With a piano … or something like it … She shook her head. A good pianist and singer—or even a good guitarist and singer—would be the equivalent of … what? A guided missile, atomic weapons? She didn’t know … and she
didn’t have a piano, or a clavier or a harpsichord.
She strummed the strings, then counted—twenty-four—three octaves. It sounded almost like equal-tempered tuning, but not quite. Perhaps an early form, without the minute adjustments that made the system work smoothly? She hoped so as she reached for the tuning levers.
After getting the key-harp in what she hoped was a rough tune, a very rough tuning, Anna looked at the short stack of paper and rubbed her forehead. Surely, surely … Surely she could come up with something.
What about repeating her cool-water experiment, if only to prove she still had the talent? She had left the envelope with the last words in the green handbag. Shaking her head, she began to write with the greasy pencil, since she hadn’t even brought her one working spell with her. Some sorceress.
The words were as awful as ever, but she scratched out “cold” and replaced it with “cool.” Then she ran through the vocalises quickly. Should she use the key-harp?
She turned the chair and picked the harp up, resting it on her leg, and trying to duplicate the melody. She stopped after a dozen notes. Even using a one-note-at-a-time melody was laborious with the unfamiliar instrument.
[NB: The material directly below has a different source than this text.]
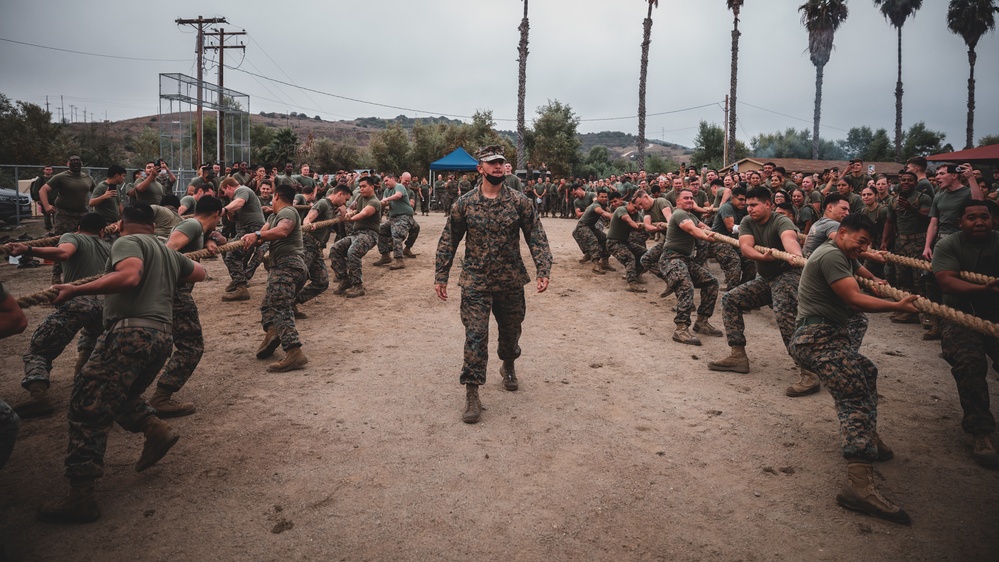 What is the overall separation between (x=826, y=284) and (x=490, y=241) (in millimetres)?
2566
She set the harp back on the table. Maybe later.
After clearing her throat again, she sang the words again, emphasizing “cool” and thinking about ice water.
Surprisingly, the goblet didn’t split, but frost rimmed both goblet and pitcher, and the water was cool indeed, and a pair of ice cubes bobbed in the pitcher.
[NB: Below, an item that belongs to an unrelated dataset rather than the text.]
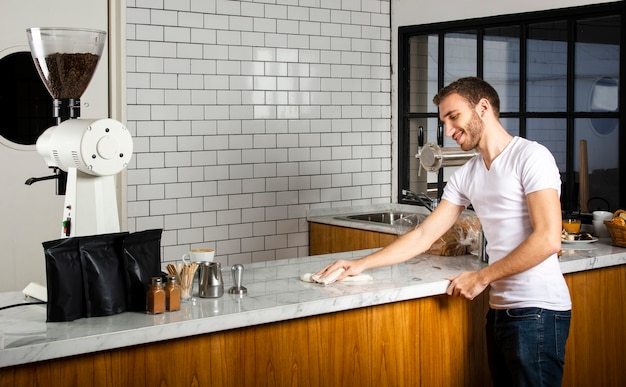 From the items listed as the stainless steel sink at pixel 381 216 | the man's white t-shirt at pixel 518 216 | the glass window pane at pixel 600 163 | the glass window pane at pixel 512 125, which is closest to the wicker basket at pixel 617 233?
the glass window pane at pixel 600 163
Anna grinned, but the grin faded quickly. So she could chill water. That wasn’t going to do much of anything, let alone get her back to Ames and Elizabetta. With a deep breath she looked at the paper again.
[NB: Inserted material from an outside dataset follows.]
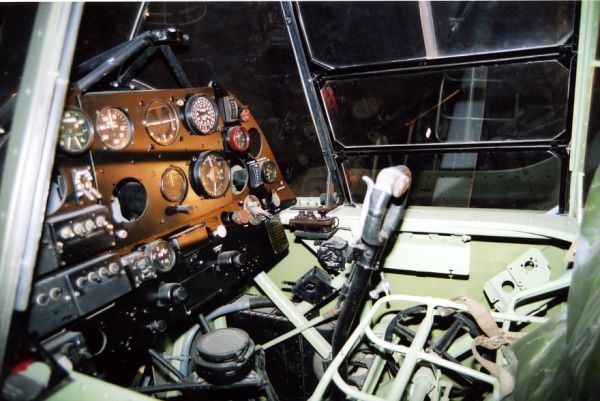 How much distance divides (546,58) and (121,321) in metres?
2.17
Love songs … . Why did almost every song she knew deal with love or something like it?
Her eyes drifted to the road below the hill, and the single rider who headed up toward the hall, a rider wearing a sleeveless purple surcoat.
There had to be some songs she could change … didn’t there? To what … for what? She shook her head angrily. No one was telling her anything, and she didn’t know enough to know what to ask.
Could she do something with the candle-lighting spell? She wrote down the words and looked at the paper. After glancing around the room, finally wadding up a sheet of paper and setting it on the floor. She hummed through the tune and tried her improvisation.
“Paper white, paper bright,
flame clear in my sight.”
The single sheet of paper went up in an instantaneous blaze.
Anna wiped her forehead. Would it work with other items? She wrote out a set of lines to the same rhyme scheme, but pondered … . If every word were critical, what about armsmen? Would such a spell work on them? She took a deep breath, and penciled in another thought.
She snorted. Great! She could turn paper into fire, and maybe an armsman or two, if she had time to sing, if she had some accompaniment.
Her eyes went to the window once more, toward the clear hot day outside. Finally, she took another swallow from the goblet and reached for the
Boke of Liedwahr.
Maybe that would help with ideas … or something.